Sono 11 i beni che fanno da apripista all’iniziativa “Valore Paese – Fari”. Un progetto volto a dare nuova vita a queste strutture, valorizzarle e, al contempo, rilanciare l’economia dei territori e generare lavoro grazie allo strumento dell’affitto di lungo periodo. A presentarlo, a Roma, il direttore dell’Agenzia del Demanio, Roberto Reggi, alla presenza del sottosegretario del Ministero dell’Economia e delle Finanze, PierPaolo Baretta, del ministro per i Beni Culturali, Dario Franceschini, e del ministro della Difesa, Roberta Pinotti.

Il progetto Fari

Il progetto Fari si inserisce nel circuito di Valore Paese, il progetto dell’Agenzia del Demanio per la valorizzazione del patrimonio immobiliare pubblico italiano attraverso la sinergia tra i settori del turismo, dell’arte e della cultura, dello sviluppo economico e della coesione territoriale. L’obiettivo è quello di recuperare il patrimonio pubblico e trasformarlo da costo per la collettività a leva di sviluppo territoriale e sociale.

I fari in questione sono: il Faro di Brucoli ad Augusta (Sr), il Faro di Murro di Porco a Siracusa (Sr), il Faro di Capo Grosso nell’isola di Levanzo – Favignana (Tp), il Faro di Punta Cavazzi ad Ustica (Pa), il Faro di Capo d’Orso a Maiori (Sa), il Faro di Punta Imperatore a Forio d’Ischia (Na), il Faro di San Domino alle Isole Tremiti (Fg), i due beni sull’isola del Giglio (Gr) proposti dal Ministero della Difesa (il Faro Punta del Fenaio e il Faro di Capel Rosso), il Faro di Capo Rizzuto (Kr) e il Faro delle Isole Formiche (Gr).

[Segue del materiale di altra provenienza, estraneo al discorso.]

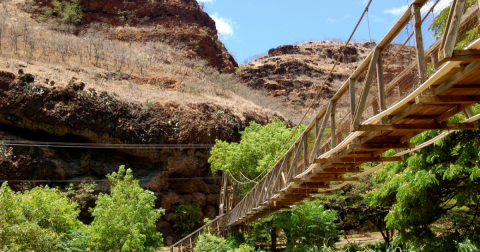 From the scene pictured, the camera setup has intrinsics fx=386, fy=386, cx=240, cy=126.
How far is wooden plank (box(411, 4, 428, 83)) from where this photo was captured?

L'iniziativa prevede la concessione fino a 50 anni a operatori che possano sviluppare un progetto turistico dall’elevato potenziale per i territori, in una logica di partenariato pubblico-privato, a beneficio di tutta la collettività. Con questo obiettivo, l’Agenzia del Demanio ha avviato, in concomitanza con la presentazione del progetto, una consultazione pubblica online che si chiuderà il prossimo 10 agosto e che è destinata a chiunque abbia idee e proposte (pubbliche amministrazioni, cittadini, associazioni, operatori di mercato, imprenditori interessati e possibili futuri concessionari). Per partecipare è sufficiente collegarsi al sito dell’Agenzia del Demanio (www.agenziademanio.it) e compilare il form presente nella sezione dedicata a “Valore Paese – Fari”.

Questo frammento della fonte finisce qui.